Böylece bir paradoks ortaya çıkıyor. Ölen masumlarla öldüren katillerin beraber gittikleri bir cennet!
PKK ise tam bir tarikat gibi hareket ediyor. Etkisine aldığı insanların iradesini, aklını, irfanını, imanını, vicdanını, vefasını alıp yerine PKK’nın iradesini koyuyor. Bunun için masumları katleden canlı bombasına da “Devrim Şehidi” diyor. Oysa şehitlik dini bir kavram! Dahası şehit olmak için Allah’a ve Kur’an’a inanmak, vatan-yurt-ev gibi dokunulmazlık vasfı taşıyan alanları korumak, meşru-nefsi müdafaa yapmak, haklı olmak, cehalete karşı direnmek gerekiyor.
Burada PKK’nın Marksist-Leninist ideolojisini putlaştırmak, tanrılaştırmak gibi gayret içinde olduğu görülüyor. Bunu yaparken de toplumdaki İslam’a dair kavramları ve dindar gözüken bazı şahsiyetleri kullanıyor. Yani PKK’da din istismarcısı bir örgüt.
PKK gibi örgütler uyuşturucu gibi maddeleri ciddi bir şekilde kullanıyorlar.
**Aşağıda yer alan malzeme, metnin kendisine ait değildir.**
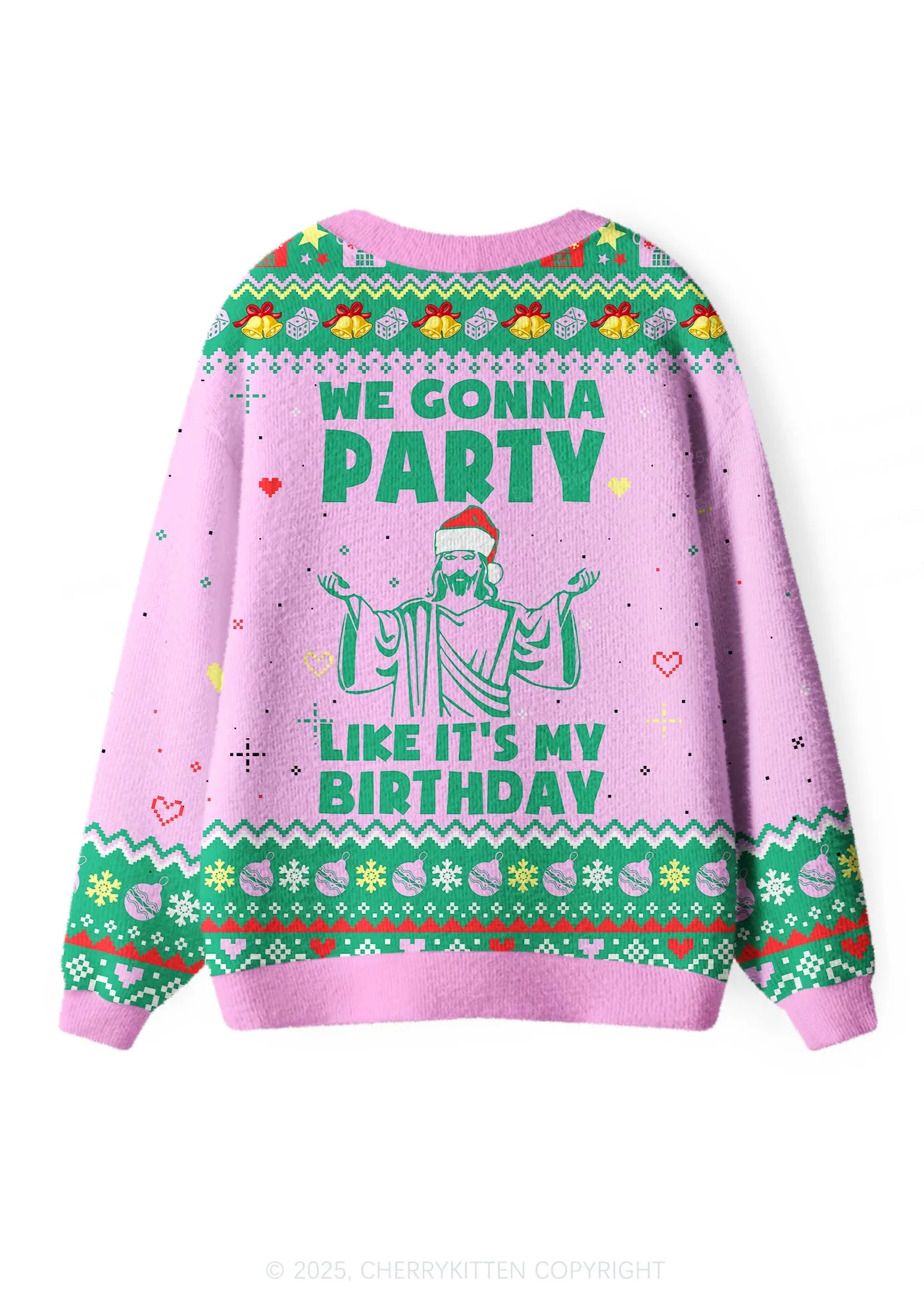We Gonna Party Y2K Christmas Cardigan Knit Sweatshirt Cherrykitten - Image 3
Güneydoğu’daki mücadele alanlarında PKK’nın teröristlere uyuşturucu, uyarıcı gibi maddeleri verdiğine çok kez rastladık. Özellikle çatışma ortamlarında korku ve paniğin etkisinde kalmamaları, cesaret kazanmaları için bağlılarına uyarıcı-uyuşturucu madde verdiklerini biliyoruz. Son söz olarak da şunu da söylemek gerekiyor:
Duygusal insanlar daha kolay canlı bomba oluyor. Materyalist insanları, terör örgütleri canlı bomba olarak kullanmakta zorlanıyorlar. Materyalist insanlar, canlı bomba olmaya çok daha dirençliler, kendilerini feda etmeye yetecek arzu ve kültüre sahip değiller. Yani bencillerden canlı bomba çok çıkmıyor.”